Во-первых, ориентальные темы и образы могли входить непосредственно в художественную структуру произведения для создания восточного колорита, обрисовки «восточных» персонажей. Во-вторых, писатели могли использовать структуру восточных сказок, легенд и повестей, например, излюбленную арабскими и индийскими писателями рамочную конструкцию (Дж. Чосер «Кентерберийские рассказы», 1380-е; подобным образом построены книги Дж. Боккаччо «Декамерон», 1350-1353, и Маргариты Наваррской «Гептамерон», 1558), как и восточную стилистику (пышный, витиеватый, цветистый слог).
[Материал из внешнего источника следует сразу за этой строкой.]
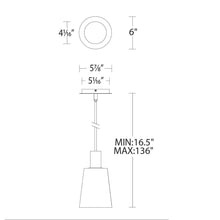 Load image into Gallery viewer, Chic LED Pendant Light - line drawing.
И, в-третьих, восточная тематика могла быть использована как внешняя оболочка для передачи некого актуального «западного» содержания. Одним из первых к этому обратился английский драматург, младший современник Шекспира Ф. Мэссинджер (1583-1640). Его трагедия «Верьте, если хотите» (1631), содержащая, по словам А.А. Елистратовой, «опасные суждения по части англо-испанских отношений» [55, с. 129], была запрещена и получила разрешение к постановке только после того, как автор переложил ее на «азиатские» нравы.

Эпоха Возрождения положила начало колониализму, породившему свою апологетическую литературу. А в противовес ей один из столпов французского Ренессанса М. Монтень (1533-1592) выдвинул идею «благородного дикаря».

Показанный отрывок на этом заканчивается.